Values of Causal Estimands

We can finally compute the values of the causal effects of heat waves for:

the days impacted by heat waves. This causal estimand is called the Average Treatment effect on the Treated (ATT).
the days not impacted by heat waves. This causal estimand is called the Average Treatment effect on the Controls (ATC).
all days. This causal estimand is called the Average Treatment Effect (ATE).

# compute att
att <- data %>%
  filter(heat_wave==1) %>%
  summarise(att = mean(y_1-y_0)) %>%
  as_vector()

# compute atc
atc <- data %>%
  filter(heat_wave==0) %>%
  summarise(atc = mean(y_1-y_0)) %>%
  as_vector()

# compute ate
ate <- data %>%
  summarise(ate = mean(y_1-y_0)) %>%
  as_vector()

We display below the values of the three causal estimands:

Please show me the code!

# display results
tibble("ATT" = att, "ATC" = atc, "ATE" = ate) %>%
  mutate_all(~ round(., 0)) %>%
  kable(., align = c("c", "c", "c"))

ATT	ATC	ATE
466	262	284

The ATT is equal to +466 YLL.
The ATC is equal to +262 YLL.
The ATE is equal to +284 YLL.

Analysis of Simulated Data

In this section, we try to estimate the causal effect on heat waves on YLL. The advantage of having simulated the data is that we know the true value of the causal estimands.

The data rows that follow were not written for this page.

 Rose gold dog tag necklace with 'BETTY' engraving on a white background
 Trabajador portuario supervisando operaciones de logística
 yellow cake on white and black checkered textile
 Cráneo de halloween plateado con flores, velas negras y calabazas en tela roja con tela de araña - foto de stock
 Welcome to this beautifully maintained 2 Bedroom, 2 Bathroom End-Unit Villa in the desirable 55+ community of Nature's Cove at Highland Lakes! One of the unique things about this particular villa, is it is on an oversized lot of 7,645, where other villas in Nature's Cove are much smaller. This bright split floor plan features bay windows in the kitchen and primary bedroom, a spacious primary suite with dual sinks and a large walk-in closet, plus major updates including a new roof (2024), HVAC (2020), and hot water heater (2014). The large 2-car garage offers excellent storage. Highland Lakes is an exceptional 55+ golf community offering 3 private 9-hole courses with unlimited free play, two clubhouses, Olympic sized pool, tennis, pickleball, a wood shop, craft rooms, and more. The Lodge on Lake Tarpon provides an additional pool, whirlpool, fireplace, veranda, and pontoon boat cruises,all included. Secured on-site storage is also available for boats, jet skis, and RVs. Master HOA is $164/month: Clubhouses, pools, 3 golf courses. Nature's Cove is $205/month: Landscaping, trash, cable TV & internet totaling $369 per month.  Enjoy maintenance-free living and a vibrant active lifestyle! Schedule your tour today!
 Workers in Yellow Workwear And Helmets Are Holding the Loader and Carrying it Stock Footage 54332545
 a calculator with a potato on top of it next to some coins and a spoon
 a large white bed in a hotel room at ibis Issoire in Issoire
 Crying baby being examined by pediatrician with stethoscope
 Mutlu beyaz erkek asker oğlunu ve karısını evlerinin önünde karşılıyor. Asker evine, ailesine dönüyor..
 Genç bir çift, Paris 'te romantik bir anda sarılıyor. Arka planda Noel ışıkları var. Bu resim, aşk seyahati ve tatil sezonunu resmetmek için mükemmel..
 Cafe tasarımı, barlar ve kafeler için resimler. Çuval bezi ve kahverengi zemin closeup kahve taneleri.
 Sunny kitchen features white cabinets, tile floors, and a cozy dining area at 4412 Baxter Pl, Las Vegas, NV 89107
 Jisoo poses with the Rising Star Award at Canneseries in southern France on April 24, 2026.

Fist, we proceed with an outcome regression approach. In a first model, we simply regress the observed YLL on the dummy for the occurrence of an heat wave:

Please show me the code!

lm(y_obs ~ heat_wave + o3_lag, data = data) %>%
  tidy(., conf.int = TRUE) %>%
  filter(term == "heat_wave") %>%
  dplyr::select(term, estimate, conf.low, conf.high) %>%
  mutate_at(vars(estimate:conf.high), ~ round(., 0)) %>%
  rename(
    "Term" = term,
    "Estimate" = estimate,
    "95% CI Lower Bound" = conf.low,
    "95% CI Upper Bound" = conf.high
  ) %>%
  kable(., align = c("l", "c", "c", "c"))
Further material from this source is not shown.